Furcal said he was told by Dr. Robert Watkins, who performed the operation, that his recovery would take anywhere from six to eight weeks, meaning he could be back in late August.

"I feel much better than I did before," said Furcal, who was hitting a team-leading .366 when he was put on the disabled list on May 13. "I feel only sore in one part."

That wasn't the case, Furcal said, when he woke up on July 1, the day after he played for triple-A Las Vegas in what was supposed to be the first game of a three- or four-game minor league rehabilitation assignment.

Furcal said he felt pain in every part of his back. More alarming was that the pain ran down his left leg.

"I didn't want to take a chance," he said.

Furcal is a free agent at the end of the season, but he said he wouldn't rush back for the sake of raising his stock.

"For me, getting healthy is the first thing," he said. "Free agency is another thing. I don't want to think of free agency when I can't do anything about it."

Draft pick Martin signed

First-round draft pick Ethan Martin was signed to a contract that included a $1.73-million signing bonus and took part in batting practice with the Dodgers.

Martin will be developed as a pitcher, but the 19-year-old from Georgia was wanted by a couple of other teams as a third baseman. Seeing Martin hit four home runs in batting practice, Dodgers Manager Joe Torre asked, "Are you sure you want to pitch?"

Replied Martin, "Yes sir, I guess so."

Martin didn't start pitching full time until he was a junior in high school but said he was confident in the call made by assistant general manager Logan White to make him a pitcher, based on White's track record. White faced a similar decision when drafting James Loney in 2002 and decided to make him a first baseman instead of a pitcher.

"It makes me feel good inside that he knows what he's doing," Martin said of White.

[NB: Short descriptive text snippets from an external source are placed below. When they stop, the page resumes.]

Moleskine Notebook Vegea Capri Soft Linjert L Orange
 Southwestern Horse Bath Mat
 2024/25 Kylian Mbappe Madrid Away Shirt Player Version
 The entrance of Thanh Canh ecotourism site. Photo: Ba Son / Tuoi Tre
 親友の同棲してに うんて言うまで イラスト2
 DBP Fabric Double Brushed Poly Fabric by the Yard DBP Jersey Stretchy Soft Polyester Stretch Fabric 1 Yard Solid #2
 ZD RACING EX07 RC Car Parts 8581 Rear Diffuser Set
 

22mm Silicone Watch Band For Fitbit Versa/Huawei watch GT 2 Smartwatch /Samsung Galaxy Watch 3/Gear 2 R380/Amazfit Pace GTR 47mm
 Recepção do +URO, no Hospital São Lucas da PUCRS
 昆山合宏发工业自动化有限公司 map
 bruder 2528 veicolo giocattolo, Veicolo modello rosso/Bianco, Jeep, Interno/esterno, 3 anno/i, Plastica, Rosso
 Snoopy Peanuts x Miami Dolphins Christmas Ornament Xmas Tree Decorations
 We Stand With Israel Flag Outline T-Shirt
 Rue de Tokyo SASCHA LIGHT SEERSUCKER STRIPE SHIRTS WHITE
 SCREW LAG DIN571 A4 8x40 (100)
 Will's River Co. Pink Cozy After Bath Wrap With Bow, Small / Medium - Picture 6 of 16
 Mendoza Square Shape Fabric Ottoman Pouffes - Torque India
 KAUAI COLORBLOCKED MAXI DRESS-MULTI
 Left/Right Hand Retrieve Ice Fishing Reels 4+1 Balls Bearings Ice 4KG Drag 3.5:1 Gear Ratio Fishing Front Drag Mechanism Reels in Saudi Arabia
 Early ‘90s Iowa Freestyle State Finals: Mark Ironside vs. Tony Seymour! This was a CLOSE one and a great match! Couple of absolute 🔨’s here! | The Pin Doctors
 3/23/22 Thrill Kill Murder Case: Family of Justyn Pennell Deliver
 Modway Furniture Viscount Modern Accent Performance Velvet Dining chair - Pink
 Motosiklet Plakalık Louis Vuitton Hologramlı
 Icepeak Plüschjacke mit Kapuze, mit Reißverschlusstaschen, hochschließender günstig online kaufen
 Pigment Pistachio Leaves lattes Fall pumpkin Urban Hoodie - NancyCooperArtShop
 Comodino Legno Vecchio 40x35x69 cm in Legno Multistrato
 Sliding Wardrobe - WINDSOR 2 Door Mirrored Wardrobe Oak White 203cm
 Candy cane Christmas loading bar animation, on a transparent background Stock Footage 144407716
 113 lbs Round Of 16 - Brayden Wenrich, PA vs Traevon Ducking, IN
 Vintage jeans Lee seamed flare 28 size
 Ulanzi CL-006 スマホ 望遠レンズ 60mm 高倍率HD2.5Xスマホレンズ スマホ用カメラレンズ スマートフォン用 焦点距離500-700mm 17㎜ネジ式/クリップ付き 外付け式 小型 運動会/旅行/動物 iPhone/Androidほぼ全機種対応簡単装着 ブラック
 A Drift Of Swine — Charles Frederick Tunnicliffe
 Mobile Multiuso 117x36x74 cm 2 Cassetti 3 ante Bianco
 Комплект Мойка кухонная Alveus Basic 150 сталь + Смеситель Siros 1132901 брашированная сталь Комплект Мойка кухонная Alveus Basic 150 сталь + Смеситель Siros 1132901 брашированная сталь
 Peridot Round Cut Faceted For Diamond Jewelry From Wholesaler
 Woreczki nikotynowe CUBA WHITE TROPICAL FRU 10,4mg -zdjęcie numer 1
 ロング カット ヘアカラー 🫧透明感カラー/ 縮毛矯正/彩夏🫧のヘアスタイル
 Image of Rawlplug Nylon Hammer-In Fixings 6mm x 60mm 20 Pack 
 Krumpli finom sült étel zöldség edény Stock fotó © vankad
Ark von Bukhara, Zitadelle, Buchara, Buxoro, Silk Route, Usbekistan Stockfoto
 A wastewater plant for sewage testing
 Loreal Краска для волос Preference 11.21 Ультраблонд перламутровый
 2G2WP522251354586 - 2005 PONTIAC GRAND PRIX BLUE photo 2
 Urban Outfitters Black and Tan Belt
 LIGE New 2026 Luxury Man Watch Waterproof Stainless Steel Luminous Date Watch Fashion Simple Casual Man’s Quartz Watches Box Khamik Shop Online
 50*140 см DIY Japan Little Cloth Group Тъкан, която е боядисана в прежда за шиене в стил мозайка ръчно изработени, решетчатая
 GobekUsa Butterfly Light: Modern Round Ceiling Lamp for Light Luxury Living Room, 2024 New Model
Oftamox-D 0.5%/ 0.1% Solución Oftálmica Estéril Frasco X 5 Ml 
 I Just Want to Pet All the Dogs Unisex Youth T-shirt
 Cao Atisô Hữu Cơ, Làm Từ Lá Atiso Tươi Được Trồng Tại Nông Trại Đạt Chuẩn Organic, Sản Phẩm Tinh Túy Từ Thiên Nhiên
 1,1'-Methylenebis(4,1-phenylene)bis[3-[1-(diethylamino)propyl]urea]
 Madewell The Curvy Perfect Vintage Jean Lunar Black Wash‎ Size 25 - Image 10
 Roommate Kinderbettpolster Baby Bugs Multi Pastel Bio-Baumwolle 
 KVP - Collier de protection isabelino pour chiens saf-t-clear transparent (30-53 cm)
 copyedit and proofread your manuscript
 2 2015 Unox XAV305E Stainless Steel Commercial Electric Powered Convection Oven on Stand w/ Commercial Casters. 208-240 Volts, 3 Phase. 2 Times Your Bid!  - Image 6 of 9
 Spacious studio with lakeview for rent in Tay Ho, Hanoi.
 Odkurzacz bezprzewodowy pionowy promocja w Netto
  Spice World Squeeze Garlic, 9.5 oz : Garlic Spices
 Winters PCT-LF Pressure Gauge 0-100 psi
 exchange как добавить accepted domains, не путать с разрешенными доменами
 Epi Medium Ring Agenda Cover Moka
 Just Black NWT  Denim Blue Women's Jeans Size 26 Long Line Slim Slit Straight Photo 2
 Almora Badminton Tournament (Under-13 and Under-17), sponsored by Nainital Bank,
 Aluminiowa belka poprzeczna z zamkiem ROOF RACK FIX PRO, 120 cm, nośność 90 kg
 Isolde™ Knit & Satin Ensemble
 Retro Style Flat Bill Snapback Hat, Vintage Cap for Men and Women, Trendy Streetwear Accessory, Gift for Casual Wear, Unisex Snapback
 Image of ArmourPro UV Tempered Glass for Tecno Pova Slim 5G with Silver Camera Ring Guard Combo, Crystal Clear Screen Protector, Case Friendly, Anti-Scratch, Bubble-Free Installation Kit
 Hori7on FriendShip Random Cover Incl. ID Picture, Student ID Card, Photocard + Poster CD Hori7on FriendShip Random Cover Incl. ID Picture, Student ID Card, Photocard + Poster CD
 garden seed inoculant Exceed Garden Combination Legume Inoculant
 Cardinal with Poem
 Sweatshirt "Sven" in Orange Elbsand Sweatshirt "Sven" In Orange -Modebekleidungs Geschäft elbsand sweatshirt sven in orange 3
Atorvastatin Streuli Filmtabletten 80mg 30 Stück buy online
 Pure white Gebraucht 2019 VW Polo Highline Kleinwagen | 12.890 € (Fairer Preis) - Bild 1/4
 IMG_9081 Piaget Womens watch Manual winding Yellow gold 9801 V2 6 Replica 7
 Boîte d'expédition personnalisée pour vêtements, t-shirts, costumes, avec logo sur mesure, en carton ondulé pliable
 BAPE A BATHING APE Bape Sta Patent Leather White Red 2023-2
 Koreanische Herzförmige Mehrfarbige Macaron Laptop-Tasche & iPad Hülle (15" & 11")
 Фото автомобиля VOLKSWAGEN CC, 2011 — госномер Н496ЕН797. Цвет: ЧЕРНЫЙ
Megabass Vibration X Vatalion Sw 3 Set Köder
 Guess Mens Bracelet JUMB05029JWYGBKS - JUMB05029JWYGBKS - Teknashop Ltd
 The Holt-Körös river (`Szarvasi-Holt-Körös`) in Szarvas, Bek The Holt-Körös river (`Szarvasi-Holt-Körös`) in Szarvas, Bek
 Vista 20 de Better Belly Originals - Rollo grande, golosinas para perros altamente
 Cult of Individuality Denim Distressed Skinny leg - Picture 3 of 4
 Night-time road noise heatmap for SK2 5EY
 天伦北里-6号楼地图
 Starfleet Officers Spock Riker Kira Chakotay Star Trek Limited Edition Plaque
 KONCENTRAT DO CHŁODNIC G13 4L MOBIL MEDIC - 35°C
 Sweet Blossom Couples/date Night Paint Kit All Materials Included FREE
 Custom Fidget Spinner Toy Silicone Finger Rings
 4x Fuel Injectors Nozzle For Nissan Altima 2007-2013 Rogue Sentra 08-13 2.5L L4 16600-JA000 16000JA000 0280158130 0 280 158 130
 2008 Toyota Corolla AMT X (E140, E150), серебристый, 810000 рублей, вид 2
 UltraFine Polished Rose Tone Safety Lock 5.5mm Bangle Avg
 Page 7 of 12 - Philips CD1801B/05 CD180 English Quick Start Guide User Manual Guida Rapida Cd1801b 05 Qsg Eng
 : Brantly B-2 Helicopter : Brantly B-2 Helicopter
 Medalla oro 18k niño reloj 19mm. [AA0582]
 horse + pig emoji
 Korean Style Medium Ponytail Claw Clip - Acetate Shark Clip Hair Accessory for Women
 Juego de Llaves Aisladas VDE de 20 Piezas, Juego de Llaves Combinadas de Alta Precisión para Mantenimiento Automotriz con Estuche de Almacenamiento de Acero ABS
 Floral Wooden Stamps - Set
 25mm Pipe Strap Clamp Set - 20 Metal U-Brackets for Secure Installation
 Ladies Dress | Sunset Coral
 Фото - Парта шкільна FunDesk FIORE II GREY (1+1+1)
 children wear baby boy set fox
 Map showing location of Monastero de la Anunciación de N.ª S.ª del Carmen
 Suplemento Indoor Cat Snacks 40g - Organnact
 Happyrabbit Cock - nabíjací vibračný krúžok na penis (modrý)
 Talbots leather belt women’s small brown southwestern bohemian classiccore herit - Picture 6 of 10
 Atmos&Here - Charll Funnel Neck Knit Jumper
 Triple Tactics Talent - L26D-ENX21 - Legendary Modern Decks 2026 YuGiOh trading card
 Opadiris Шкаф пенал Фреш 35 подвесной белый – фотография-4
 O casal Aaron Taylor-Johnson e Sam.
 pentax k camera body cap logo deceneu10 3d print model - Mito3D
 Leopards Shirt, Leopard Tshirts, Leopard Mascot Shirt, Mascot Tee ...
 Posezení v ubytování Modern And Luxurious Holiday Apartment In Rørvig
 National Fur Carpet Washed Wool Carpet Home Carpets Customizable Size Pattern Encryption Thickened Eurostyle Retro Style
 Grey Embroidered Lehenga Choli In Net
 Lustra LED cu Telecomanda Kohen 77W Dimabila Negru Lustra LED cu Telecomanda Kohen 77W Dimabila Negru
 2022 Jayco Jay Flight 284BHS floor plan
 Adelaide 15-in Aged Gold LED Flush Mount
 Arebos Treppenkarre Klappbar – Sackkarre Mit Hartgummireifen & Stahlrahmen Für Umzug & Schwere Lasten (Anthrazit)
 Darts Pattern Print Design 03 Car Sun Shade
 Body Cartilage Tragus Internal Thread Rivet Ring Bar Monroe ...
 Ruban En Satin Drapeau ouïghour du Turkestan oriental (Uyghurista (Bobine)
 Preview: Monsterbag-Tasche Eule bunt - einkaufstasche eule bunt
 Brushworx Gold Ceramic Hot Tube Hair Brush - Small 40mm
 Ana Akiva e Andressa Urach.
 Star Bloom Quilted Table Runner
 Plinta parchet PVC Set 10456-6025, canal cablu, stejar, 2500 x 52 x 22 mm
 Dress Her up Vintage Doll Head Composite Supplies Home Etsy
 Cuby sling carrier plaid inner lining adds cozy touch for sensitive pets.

Martin will travel Sunday to Vero Beach, Fla., home of the Dodgers' rookie ball affiliate. White said the hard-throwing Martin had a heavy workload this spring -- he threw 130 pitches in one game -- and will be limited to 35 to 40 innings for the remainder of the year.

Bowa's box moved

The Dodgers received a call from the commissioner's office Wednesday night ordering them to redraw the coaches' boxes at Dodger Stadium because they weren't in compliance with the newest league rules. The team made the changes in time for the game Thursday. The boxes, previously nine feet away from the foul lines, are now 15 feet away.

Penny's slow recovery

Opening-day starter Brad Penny probably won't be activated until the end of the month, Torre said.

Penny received a cortisone injection Monday night, but Torre said he remained uncertain when Penny would be able to start throwing again. Penny was scheduled to play catch Thursday but had the session scrapped.

Torre said he guessed Penny would have to face live hitting once or twice, either in a minor league game or a simulated situation, before being activated from the disabled list.

Short hops

Torre maintained his stance that when Jason Schmidt pitches again for the Dodgers, he will do so as a starter. . . . Andruw Jones and Nomar Garciaparra, who started the previous three days, were out of the lineup. . . . Jeff Kent, who rested his back Wednesday, was back in.